__WHAT TO DO__.
Leave the pictures out, and transcribe the material below exactly from the line with "Mini Logo - 54MM 101A C-Cut Black Wheels" to the line with "Remschoen set Valeo 554908", both lines included.

__STUDY MATERIAL__.

◆ ◆ ◆

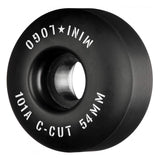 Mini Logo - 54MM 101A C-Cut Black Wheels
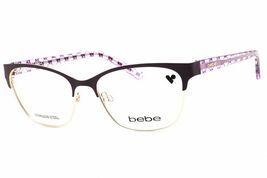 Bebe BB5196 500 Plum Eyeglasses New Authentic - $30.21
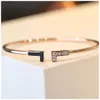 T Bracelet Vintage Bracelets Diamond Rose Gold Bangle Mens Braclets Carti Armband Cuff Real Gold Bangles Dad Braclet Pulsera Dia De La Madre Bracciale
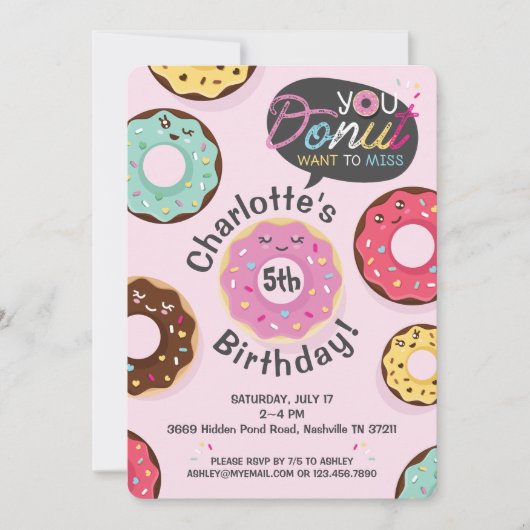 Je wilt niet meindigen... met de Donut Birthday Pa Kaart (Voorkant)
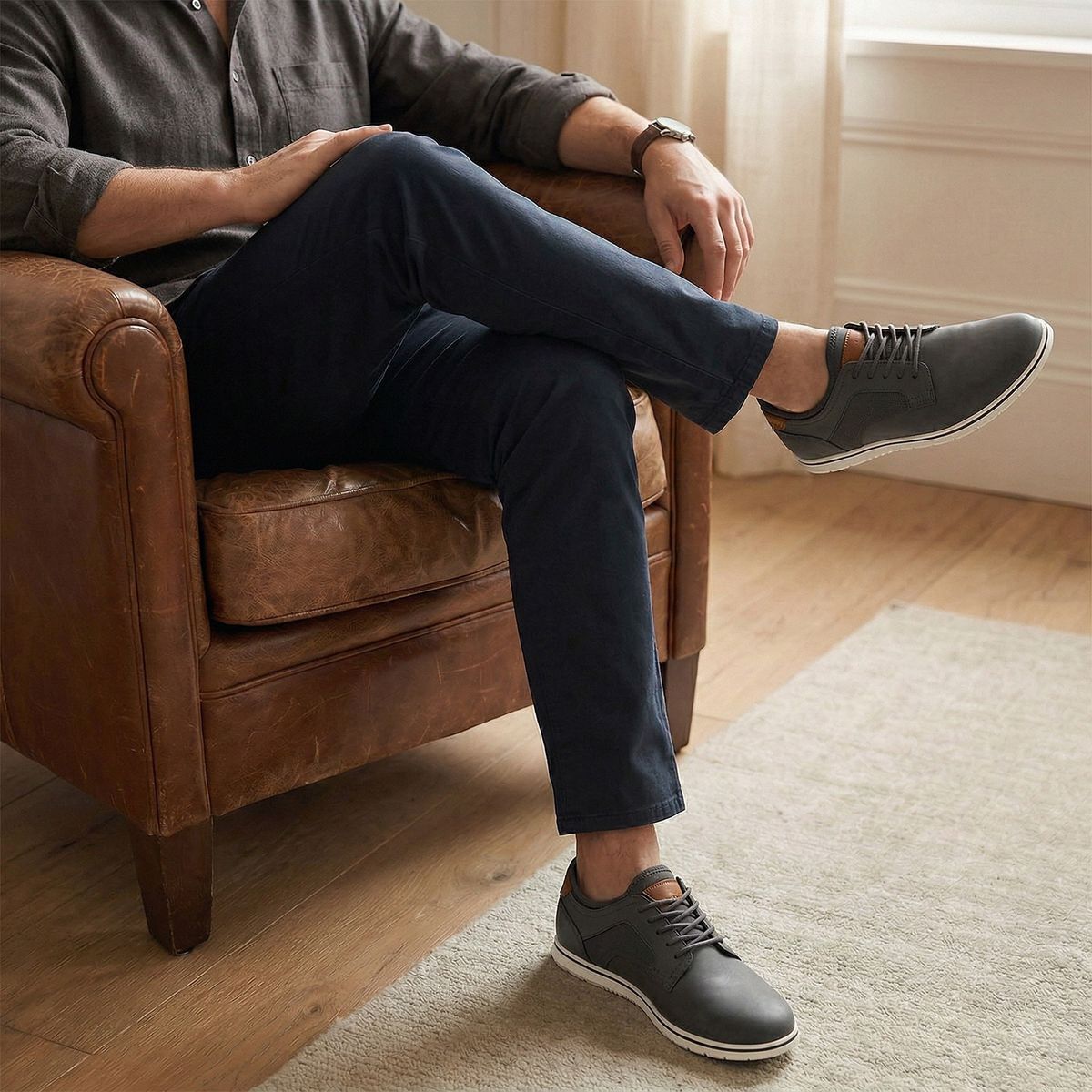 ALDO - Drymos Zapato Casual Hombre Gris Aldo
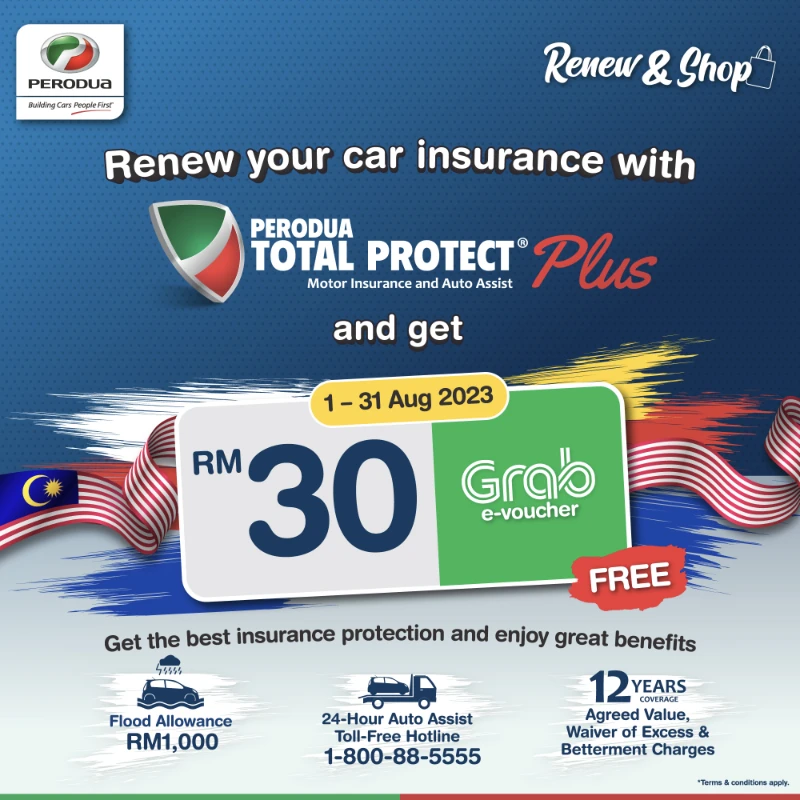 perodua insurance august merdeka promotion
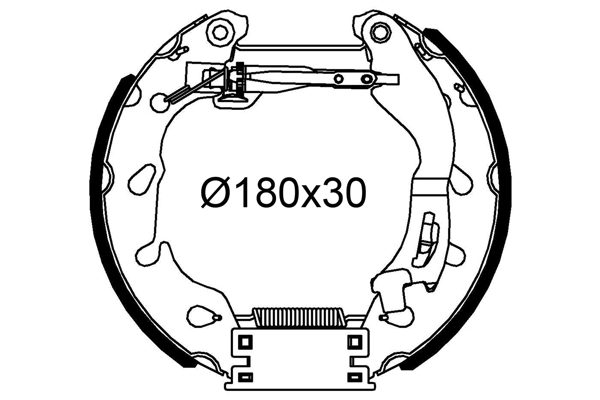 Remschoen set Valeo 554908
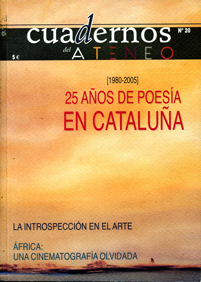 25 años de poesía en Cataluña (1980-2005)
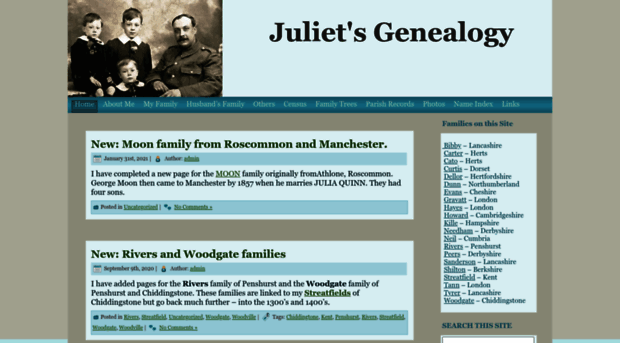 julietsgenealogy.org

◆ ◆ ◆

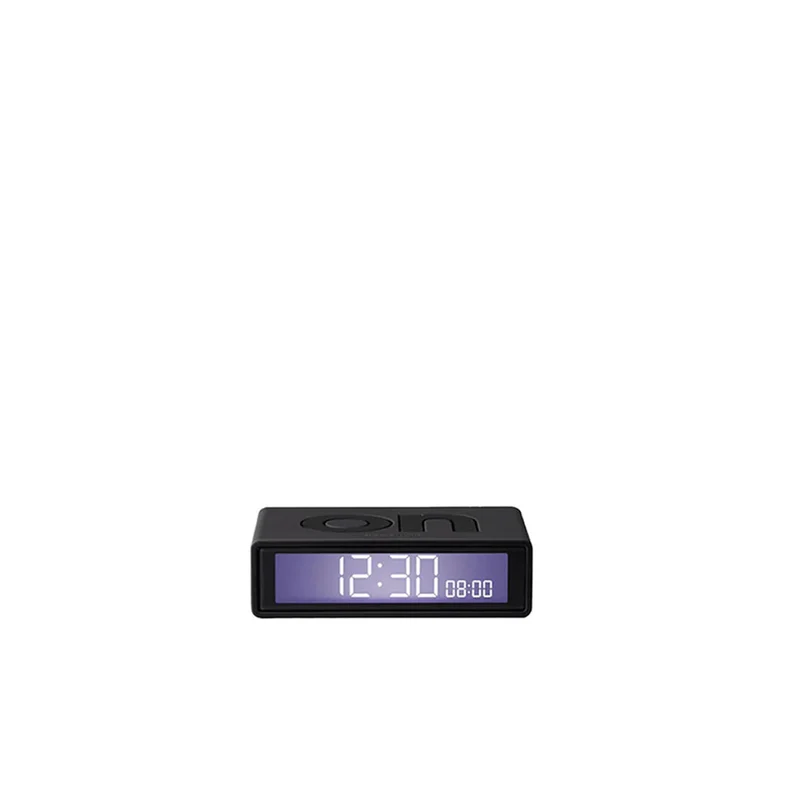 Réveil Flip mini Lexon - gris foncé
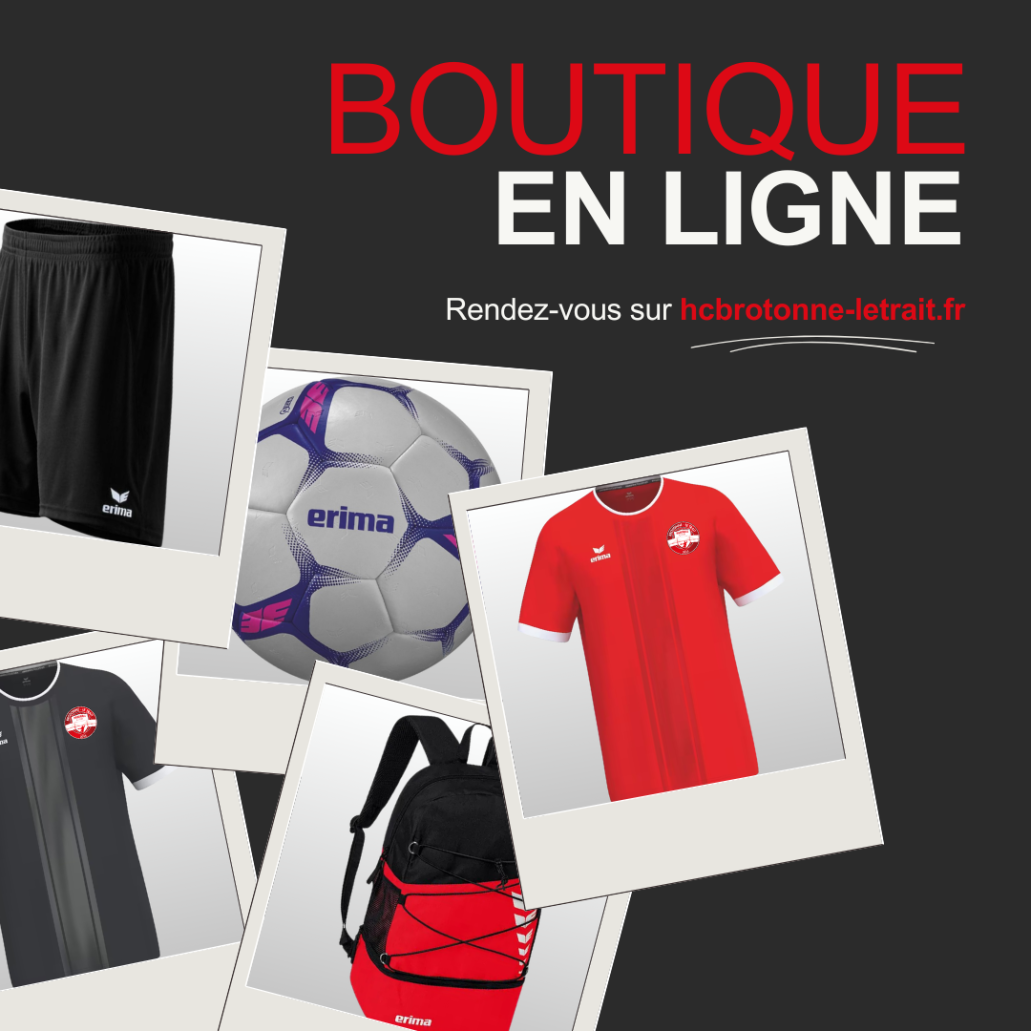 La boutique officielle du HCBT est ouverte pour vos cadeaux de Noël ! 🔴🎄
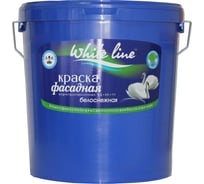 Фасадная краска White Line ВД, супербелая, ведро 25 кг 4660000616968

◆ ◆ ◆

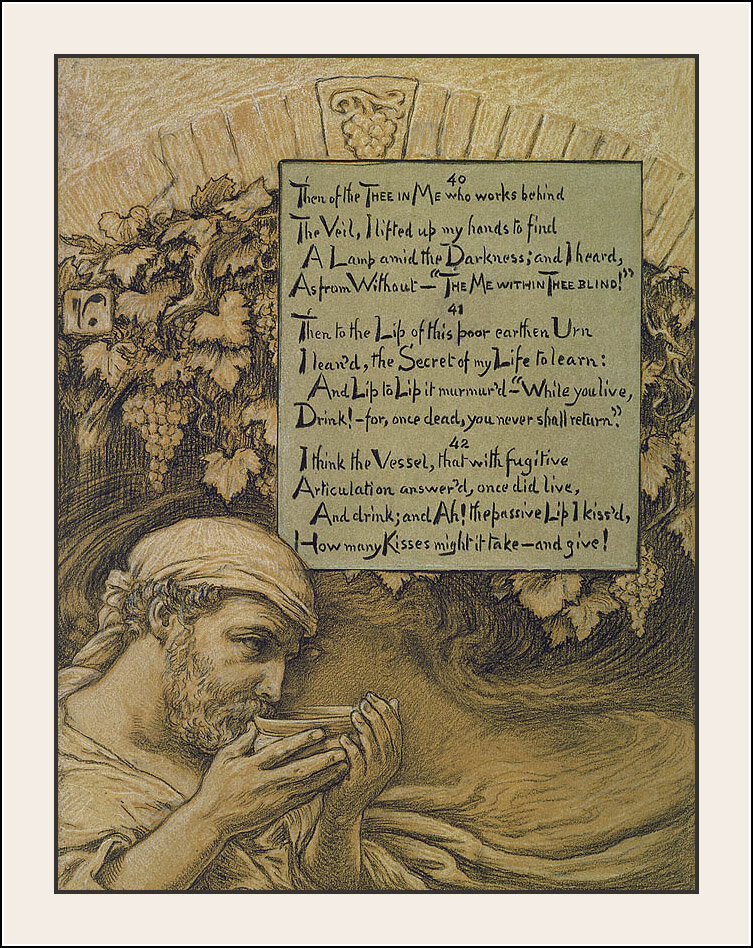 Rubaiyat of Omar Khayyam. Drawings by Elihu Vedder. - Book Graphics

◆ ◆ ◆

__TASK RESULT__.
 Mini Logo - 54MM 101A C-Cut Black Wheels
 Bebe BB5196 500 Plum Eyeglasses New Authentic - $30.21
 T Bracelet Vintage Bracelets Diamond Rose Gold Bangle Mens Braclets Carti Armband Cuff Real Gold Bangles Dad Braclet Pulsera Dia De La Madre Bracciale
 Je wilt niet meindigen... met de Donut Birthday Pa Kaart (Voorkant)
 ALDO - Drymos Zapato Casual Hombre Gris Aldo
 perodua insurance august merdeka promotion
 Remschoen set Valeo 554908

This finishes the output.